◆ **Task item**
Give back exactly the lines from the one holding "Šenilinė SARIA sofa-lova" to the bottom of the material, both included, and nothing more. No pictures.

*** Source material ***

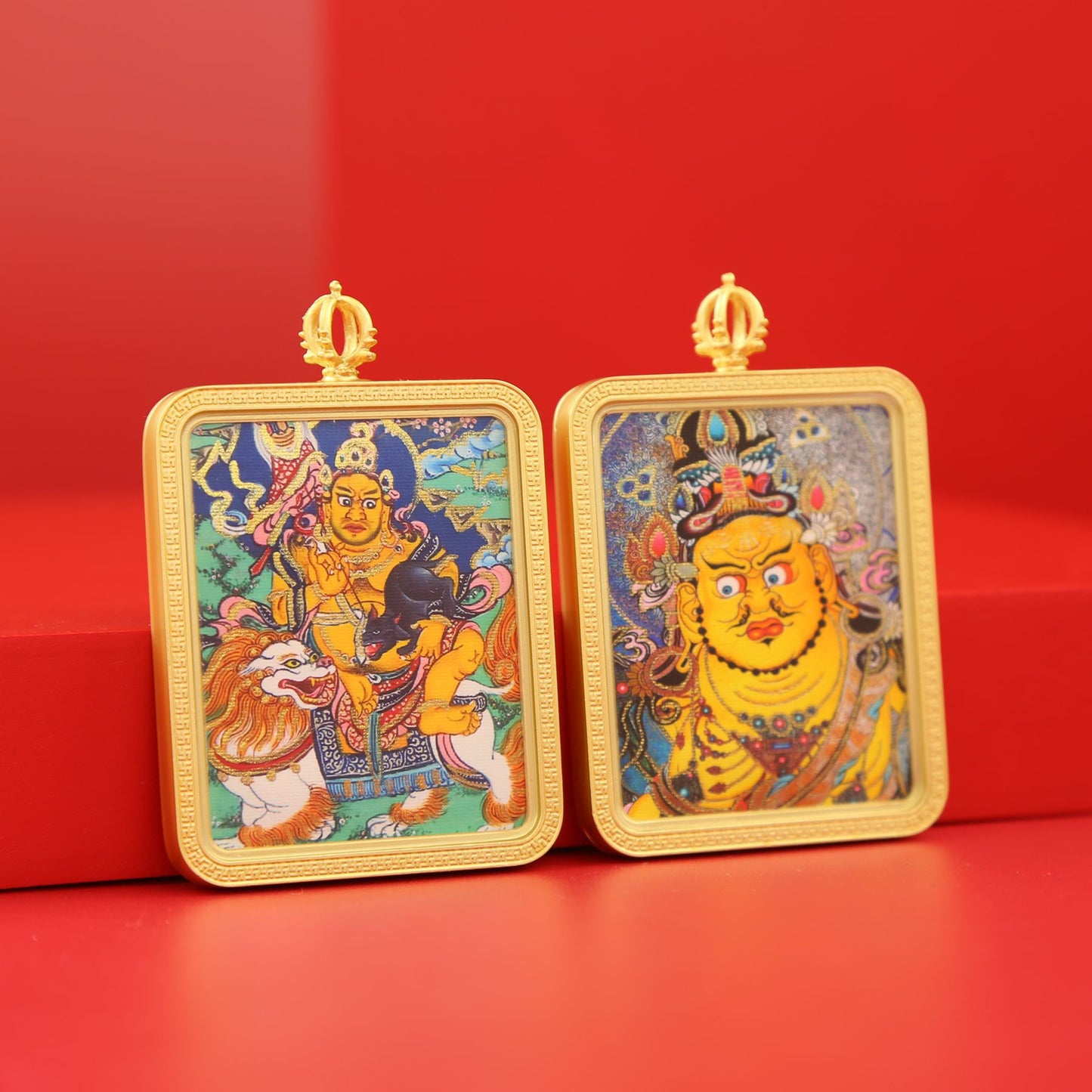 Yellow Jambhala Wealth Pendant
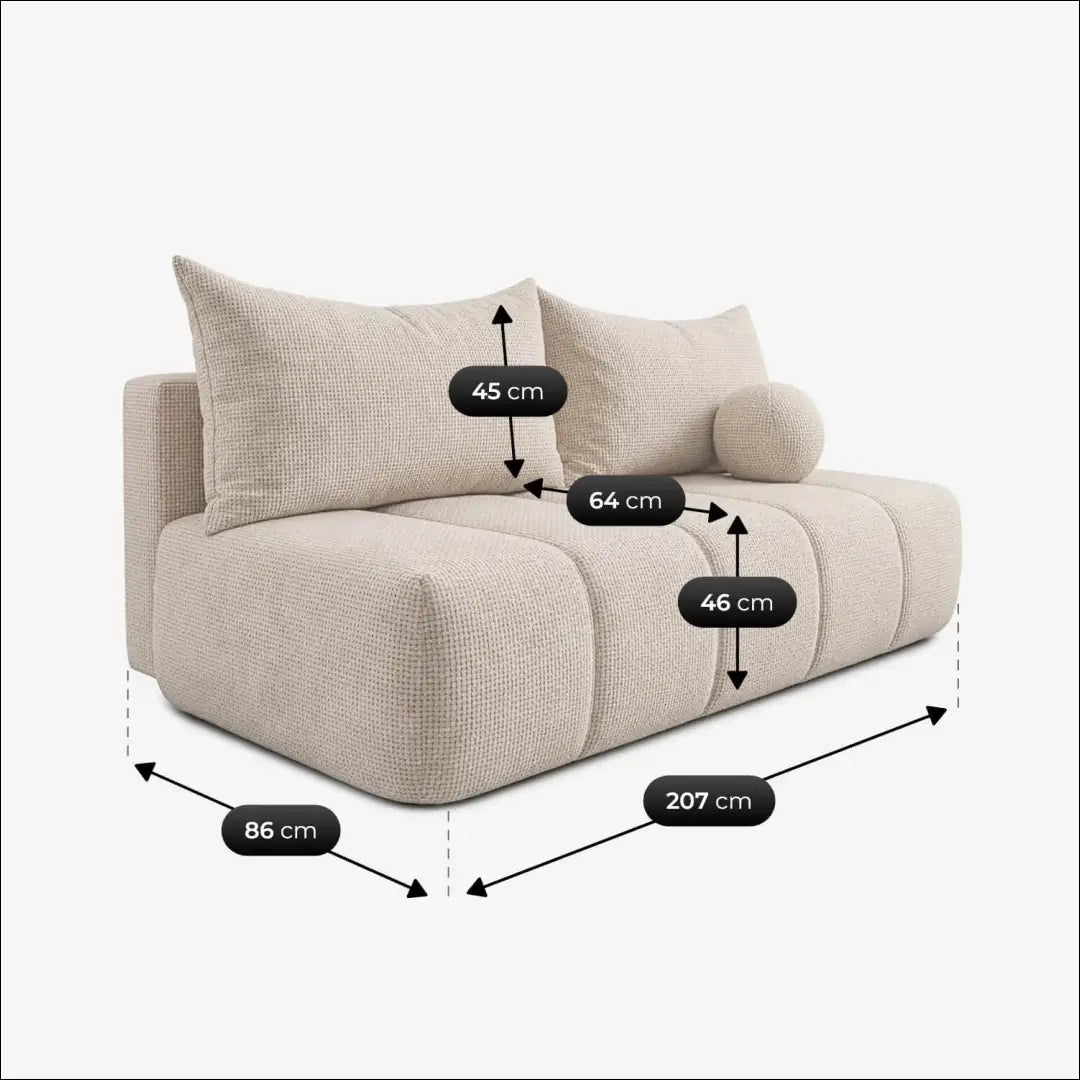 Šenilinė SARIA sofa-lova TE2489 - €681.05 Save 15% __label:Pristatymas 5-14 d.d., Newelite Naujausi produktai | Namų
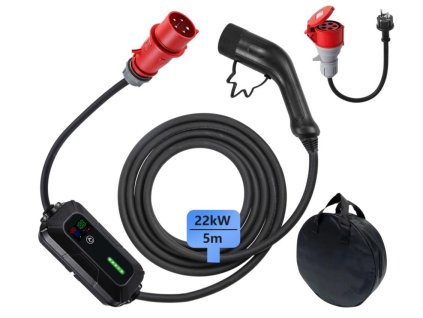 IMMAX cestovní nabíjecí stanice pro elektromobily EV/PHEV AC Type 2, 22 kW NSE002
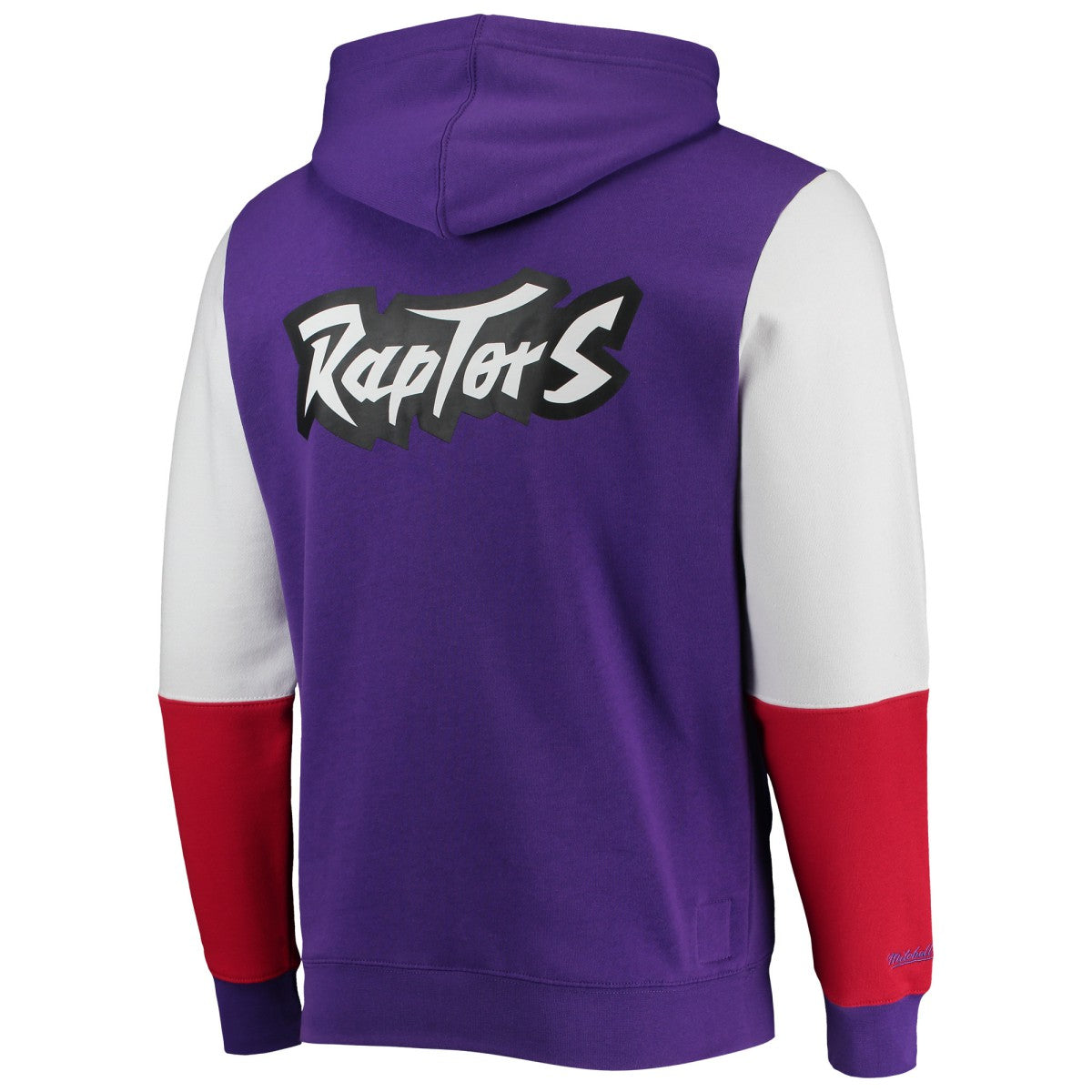 Toronto Raptors Hardwood Classics Fusion 2.0 Colorblock Pullover Hoodie - Purple for sale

***

◆ **Written reply**
 Šenilinė SARIA sofa-lova TE2489 - €681.05 Save 15% __label:Pristatymas 5-14 d.d., Newelite Naujausi produktai | Namų
 IMMAX cestovní nabíjecí stanice pro elektromobily EV/PHEV AC Type 2, 22 kW NSE002
 Toronto Raptors Hardwood Classics Fusion 2.0 Colorblock Pullover Hoodie - Purple for sale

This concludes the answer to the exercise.